Extracted data: Begin

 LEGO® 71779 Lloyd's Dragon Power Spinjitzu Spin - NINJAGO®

Extracted data: End
Extracted data: Begin

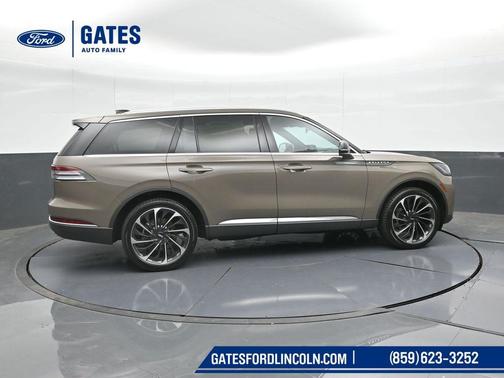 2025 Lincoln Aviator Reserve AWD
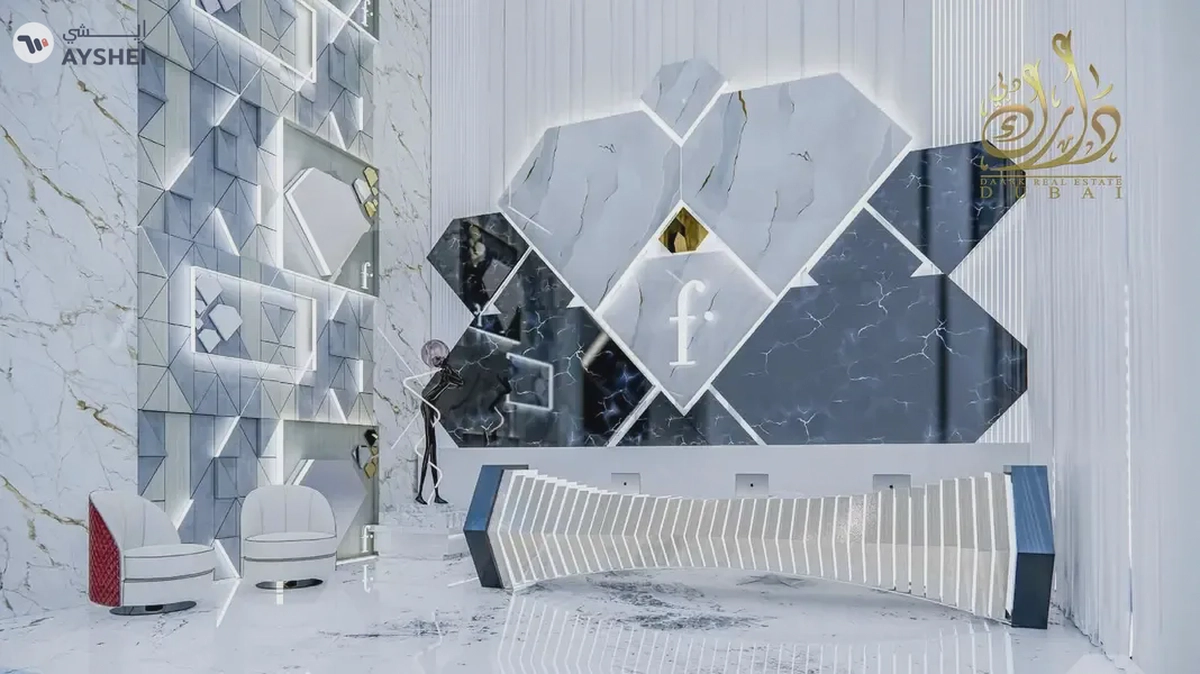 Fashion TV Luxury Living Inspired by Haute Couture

Extracted data: End

What is needed: Going by the entries above, repeat exactly the lines that start at the line with "2025 Lincoln Aviator Reserve AWD" and go on through the line with "Fashion TV Luxury". Pictures are not part of the copy.

Exercise response:
 2025 Lincoln Aviator Reserve AWD
 Fashion TV Luxury Living Inspired by Haute Couture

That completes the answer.